Directions — Would you give the listing back word for word once its pictures are removed?

Dataset content —

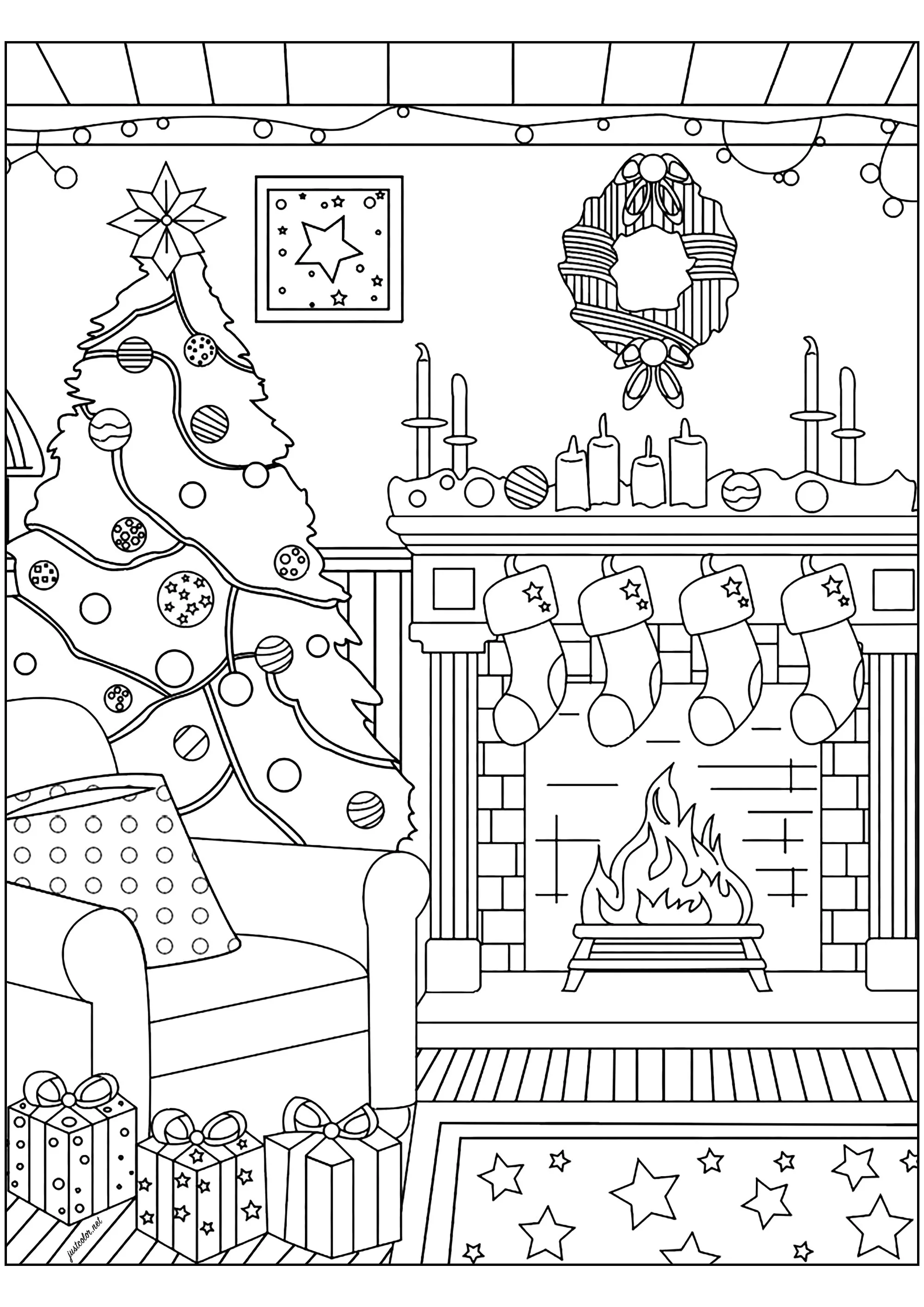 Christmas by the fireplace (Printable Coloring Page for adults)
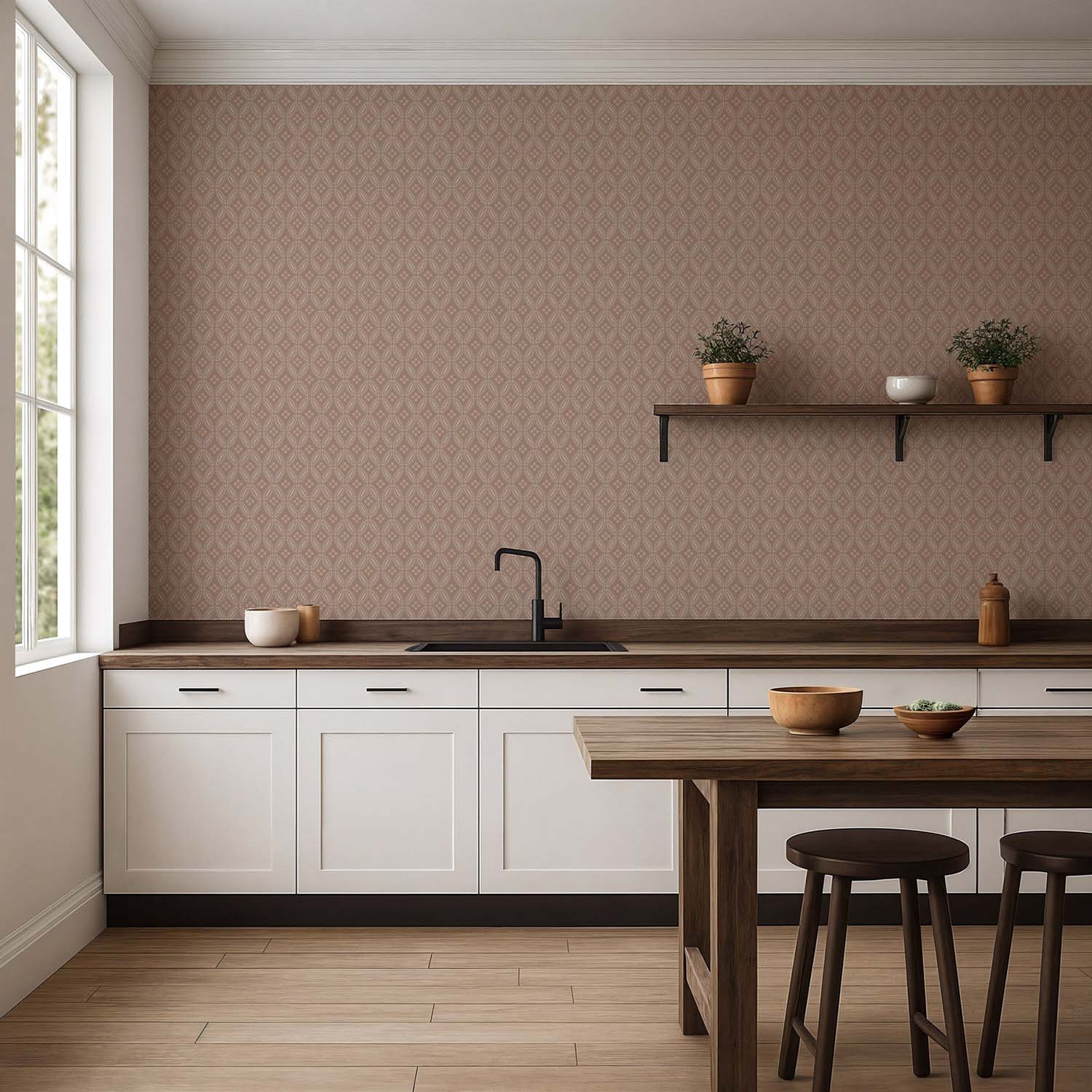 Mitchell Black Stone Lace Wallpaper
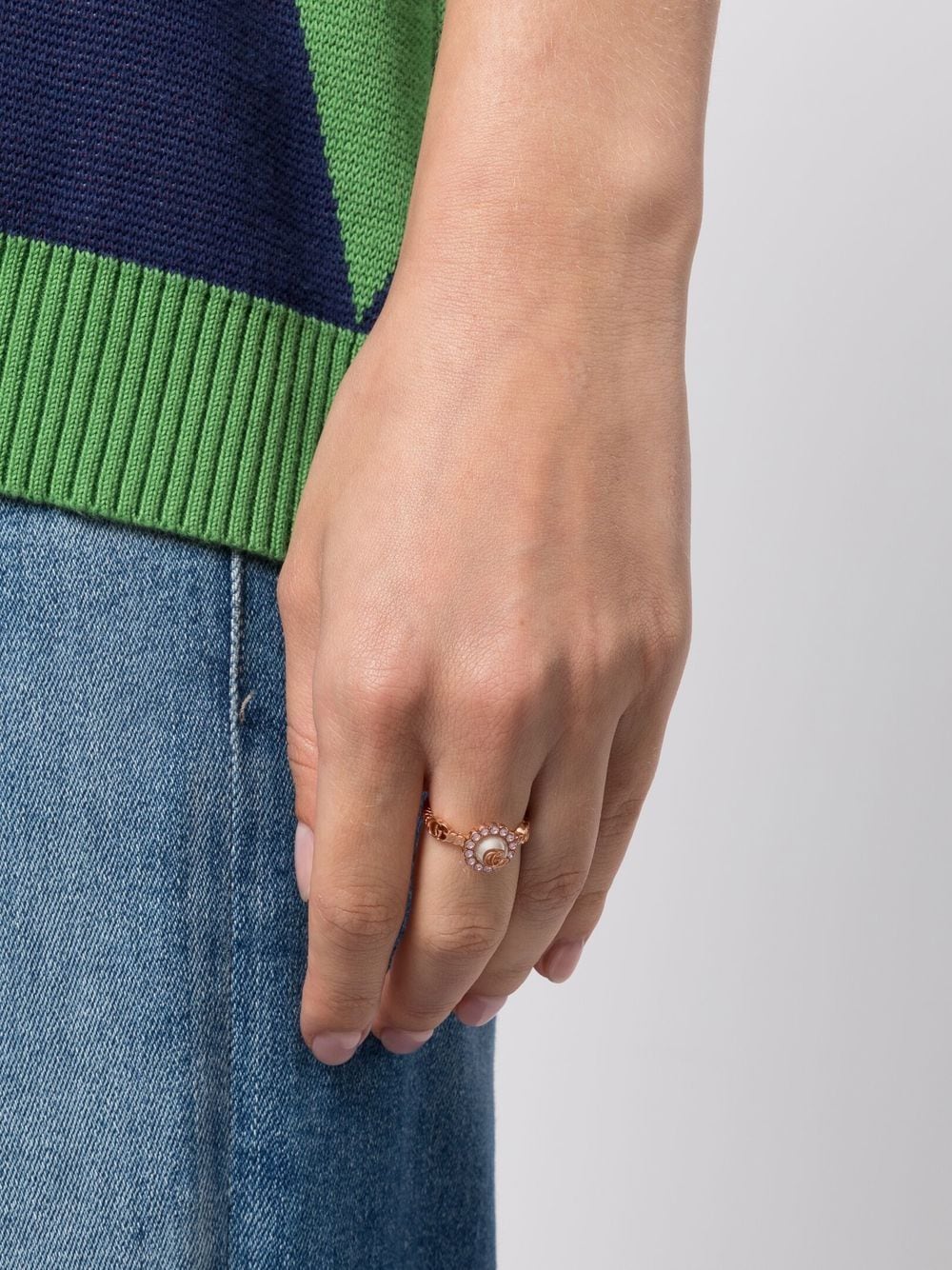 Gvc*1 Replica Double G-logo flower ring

Response —
 Christmas by the fireplace (Printable Coloring Page for adults)
 Mitchell Black Stone Lace Wallpaper
 Gvc*1 Replica Double G-logo flower ring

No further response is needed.